最年少10歳少女が囲碁のプロ!中韓に対抗「英才特別採用推薦棋士」第1号に

2019年1月6日6時8分  スポーツ報知

 囲碁の日本棋院は5日、小学4年生の少女、仲邑菫(なかむら・すみれ)さん(9)が史上最年少でプロ棋士の初段になると発表した。4月1日付のプロ入り時は10歳0か月で、藤沢里菜女流3冠(20)の11歳6か月を9年ぶりに更新する。日本棋院が世界の2強を形成する中国、韓国に対抗するプロ棋士養成のため新設した「英才特別採用推薦棋士」第1号に選ばれた。

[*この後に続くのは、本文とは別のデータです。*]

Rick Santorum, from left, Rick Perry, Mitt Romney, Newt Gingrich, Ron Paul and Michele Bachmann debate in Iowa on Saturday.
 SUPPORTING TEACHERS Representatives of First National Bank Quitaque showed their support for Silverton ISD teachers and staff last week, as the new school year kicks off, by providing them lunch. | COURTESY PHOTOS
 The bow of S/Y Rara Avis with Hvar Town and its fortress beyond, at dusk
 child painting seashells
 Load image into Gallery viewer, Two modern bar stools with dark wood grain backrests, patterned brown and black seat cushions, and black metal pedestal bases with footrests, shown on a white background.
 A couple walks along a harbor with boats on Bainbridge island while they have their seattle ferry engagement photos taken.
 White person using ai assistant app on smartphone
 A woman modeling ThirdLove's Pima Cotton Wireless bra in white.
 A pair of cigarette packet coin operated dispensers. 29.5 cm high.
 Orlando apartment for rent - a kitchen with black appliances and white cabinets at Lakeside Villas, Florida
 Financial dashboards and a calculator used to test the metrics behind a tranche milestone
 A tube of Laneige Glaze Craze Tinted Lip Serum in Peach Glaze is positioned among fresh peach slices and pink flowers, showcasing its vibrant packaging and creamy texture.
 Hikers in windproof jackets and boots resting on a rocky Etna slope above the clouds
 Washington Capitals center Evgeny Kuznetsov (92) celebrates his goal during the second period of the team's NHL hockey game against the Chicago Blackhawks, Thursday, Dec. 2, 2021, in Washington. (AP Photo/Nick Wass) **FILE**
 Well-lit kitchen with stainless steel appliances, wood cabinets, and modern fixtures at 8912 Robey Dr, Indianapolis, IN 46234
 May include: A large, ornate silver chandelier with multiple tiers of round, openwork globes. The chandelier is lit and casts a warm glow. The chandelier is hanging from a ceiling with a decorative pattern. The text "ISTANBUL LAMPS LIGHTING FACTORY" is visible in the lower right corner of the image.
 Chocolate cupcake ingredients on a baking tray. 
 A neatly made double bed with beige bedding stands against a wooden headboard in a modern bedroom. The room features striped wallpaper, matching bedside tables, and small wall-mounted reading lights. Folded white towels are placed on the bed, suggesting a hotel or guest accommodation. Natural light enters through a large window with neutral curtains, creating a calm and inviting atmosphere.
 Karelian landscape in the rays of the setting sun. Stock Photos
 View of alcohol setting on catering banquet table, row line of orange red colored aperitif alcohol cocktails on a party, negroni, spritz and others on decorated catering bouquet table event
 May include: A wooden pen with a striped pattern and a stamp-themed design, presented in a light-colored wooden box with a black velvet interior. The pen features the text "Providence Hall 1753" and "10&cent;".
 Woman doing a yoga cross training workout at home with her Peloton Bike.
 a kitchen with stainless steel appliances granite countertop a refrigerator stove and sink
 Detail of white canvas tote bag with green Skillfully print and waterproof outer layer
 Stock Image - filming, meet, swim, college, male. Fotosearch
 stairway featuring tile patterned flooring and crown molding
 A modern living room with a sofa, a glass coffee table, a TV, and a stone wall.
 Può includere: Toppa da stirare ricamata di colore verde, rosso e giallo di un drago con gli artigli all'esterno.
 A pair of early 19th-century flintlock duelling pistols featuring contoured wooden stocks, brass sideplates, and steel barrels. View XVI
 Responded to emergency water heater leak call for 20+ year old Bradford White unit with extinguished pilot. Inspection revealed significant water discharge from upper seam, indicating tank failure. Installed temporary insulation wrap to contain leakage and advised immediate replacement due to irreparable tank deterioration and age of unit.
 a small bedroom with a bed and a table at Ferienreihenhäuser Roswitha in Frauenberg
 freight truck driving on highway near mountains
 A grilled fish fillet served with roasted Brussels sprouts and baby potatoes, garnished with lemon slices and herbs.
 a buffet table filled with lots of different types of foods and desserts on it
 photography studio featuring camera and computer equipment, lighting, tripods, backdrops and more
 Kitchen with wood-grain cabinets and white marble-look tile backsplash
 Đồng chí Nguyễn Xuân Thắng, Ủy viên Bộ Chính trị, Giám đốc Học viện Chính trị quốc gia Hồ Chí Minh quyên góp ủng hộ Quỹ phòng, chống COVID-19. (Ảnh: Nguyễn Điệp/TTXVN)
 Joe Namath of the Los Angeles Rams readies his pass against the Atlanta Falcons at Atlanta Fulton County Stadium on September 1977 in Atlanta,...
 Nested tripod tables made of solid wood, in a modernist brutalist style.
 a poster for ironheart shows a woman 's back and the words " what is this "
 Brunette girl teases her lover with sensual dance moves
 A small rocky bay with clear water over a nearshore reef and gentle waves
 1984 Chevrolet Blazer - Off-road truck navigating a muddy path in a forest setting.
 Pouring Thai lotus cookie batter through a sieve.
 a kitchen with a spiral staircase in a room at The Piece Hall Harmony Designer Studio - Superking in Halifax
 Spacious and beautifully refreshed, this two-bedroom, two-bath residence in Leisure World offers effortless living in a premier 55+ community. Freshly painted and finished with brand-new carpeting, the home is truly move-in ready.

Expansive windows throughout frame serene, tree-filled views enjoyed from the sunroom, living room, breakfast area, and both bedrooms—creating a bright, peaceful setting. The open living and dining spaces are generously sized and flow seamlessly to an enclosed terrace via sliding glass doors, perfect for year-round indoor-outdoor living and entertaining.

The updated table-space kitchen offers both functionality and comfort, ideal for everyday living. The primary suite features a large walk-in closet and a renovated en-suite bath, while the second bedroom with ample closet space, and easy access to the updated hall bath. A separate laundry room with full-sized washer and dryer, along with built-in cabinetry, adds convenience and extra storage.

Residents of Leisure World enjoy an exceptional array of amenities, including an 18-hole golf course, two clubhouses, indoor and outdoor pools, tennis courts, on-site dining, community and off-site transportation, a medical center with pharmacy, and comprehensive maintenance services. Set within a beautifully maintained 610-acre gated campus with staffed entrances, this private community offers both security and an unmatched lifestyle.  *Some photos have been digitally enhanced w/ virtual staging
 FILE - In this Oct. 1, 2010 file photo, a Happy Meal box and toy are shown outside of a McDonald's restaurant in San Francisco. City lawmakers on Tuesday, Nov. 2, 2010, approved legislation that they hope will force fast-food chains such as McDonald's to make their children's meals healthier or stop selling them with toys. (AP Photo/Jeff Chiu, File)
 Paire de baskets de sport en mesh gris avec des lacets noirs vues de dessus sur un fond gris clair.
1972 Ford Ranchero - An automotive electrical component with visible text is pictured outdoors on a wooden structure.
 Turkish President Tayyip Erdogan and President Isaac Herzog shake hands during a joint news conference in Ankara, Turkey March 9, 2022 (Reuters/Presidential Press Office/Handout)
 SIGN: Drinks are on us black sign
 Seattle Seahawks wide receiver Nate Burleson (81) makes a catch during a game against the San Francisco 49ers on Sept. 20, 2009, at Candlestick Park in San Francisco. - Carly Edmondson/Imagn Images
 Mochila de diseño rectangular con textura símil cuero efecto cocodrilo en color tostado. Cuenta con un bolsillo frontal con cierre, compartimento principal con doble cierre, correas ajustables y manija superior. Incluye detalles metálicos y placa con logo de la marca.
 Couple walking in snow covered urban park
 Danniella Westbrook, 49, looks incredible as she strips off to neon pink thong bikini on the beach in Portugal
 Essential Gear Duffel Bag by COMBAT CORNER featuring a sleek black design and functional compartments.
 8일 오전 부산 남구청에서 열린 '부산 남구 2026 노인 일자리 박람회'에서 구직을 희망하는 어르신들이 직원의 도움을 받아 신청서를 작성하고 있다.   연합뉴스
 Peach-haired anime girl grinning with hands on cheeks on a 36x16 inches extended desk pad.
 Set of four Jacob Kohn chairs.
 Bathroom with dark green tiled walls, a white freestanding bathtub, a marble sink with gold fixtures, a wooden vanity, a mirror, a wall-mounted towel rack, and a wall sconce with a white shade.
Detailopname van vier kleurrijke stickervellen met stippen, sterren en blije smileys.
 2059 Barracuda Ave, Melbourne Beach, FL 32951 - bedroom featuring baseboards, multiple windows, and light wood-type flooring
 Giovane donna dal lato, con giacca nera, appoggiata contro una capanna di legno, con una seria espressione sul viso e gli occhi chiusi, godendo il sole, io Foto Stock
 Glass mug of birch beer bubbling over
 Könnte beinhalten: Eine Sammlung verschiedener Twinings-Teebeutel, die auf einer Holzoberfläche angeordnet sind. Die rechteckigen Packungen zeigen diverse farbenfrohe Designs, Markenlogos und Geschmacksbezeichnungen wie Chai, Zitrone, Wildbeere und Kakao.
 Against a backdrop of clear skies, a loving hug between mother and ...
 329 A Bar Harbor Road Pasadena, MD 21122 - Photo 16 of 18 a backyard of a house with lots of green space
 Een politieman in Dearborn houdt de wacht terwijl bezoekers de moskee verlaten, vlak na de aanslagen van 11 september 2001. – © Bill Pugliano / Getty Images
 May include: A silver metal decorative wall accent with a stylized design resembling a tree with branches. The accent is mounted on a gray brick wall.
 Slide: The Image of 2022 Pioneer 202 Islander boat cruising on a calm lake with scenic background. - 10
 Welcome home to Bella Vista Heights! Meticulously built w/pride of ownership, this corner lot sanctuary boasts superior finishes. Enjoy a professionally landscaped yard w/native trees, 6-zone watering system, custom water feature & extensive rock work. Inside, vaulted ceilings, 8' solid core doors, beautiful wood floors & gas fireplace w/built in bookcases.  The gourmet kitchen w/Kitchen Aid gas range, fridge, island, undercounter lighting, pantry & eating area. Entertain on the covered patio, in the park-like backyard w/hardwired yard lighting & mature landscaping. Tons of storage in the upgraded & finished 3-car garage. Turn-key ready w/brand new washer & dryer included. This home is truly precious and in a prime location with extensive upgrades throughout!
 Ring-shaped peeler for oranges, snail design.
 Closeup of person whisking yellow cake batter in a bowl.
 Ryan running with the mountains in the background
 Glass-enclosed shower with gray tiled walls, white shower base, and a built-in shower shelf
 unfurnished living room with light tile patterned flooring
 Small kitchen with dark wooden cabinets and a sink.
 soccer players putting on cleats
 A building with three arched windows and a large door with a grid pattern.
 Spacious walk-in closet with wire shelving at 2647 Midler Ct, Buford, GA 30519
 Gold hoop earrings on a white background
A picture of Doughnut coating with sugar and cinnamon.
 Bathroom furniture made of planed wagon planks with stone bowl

 東京都千代田区で記者会見した菫さんは「中学生のうちにタイトルを取りたいです」と恥じらいながらもしっかりした口調で将来の夢を語った。記者に質問されると左右にいた両親をあどけない表情で見上げる場面も。憧れは第一人者の井山裕太5冠(29)。囲碁の魅力を聞かれると「勝った時がうれしい」とほほ笑んだ。会見に同席した張栩名人(38)は「9歳という年齢でこれだけの力というのは衝撃的。将来が楽しみで必ず世界で戦える棋士になると強く思います」と太鼓判を押した。

 菫さんは東京都生まれ。現在、大阪市内の小学校に通っている。父はプロ棋士の仲邑信也九段。母の幸さんはアマチュア強豪で、その妹はプロの石井茜三段。たくさんの“先生”に囲まれ、3歳で囲碁を始めた。小学2年で少年少女の全国大会ベスト16に入るなど活躍した。

 関西棋院の院生を経て、昨年は中国と並ぶ強豪・韓国で本格的に修業を積んだ。韓国語が堪能。好きな食べ物はキムチ鍋と焼き肉という。好きな科目は体育で、休み時間には外で遊ぶ。年下の子との対局で負け、大泣きしたことも。現在は1日6~9時間、囲碁漬けの日々だ。身長は約125センチと小学4年の少女としては小柄。小さな体に無限の可能性を秘め、夢を追い掛ける。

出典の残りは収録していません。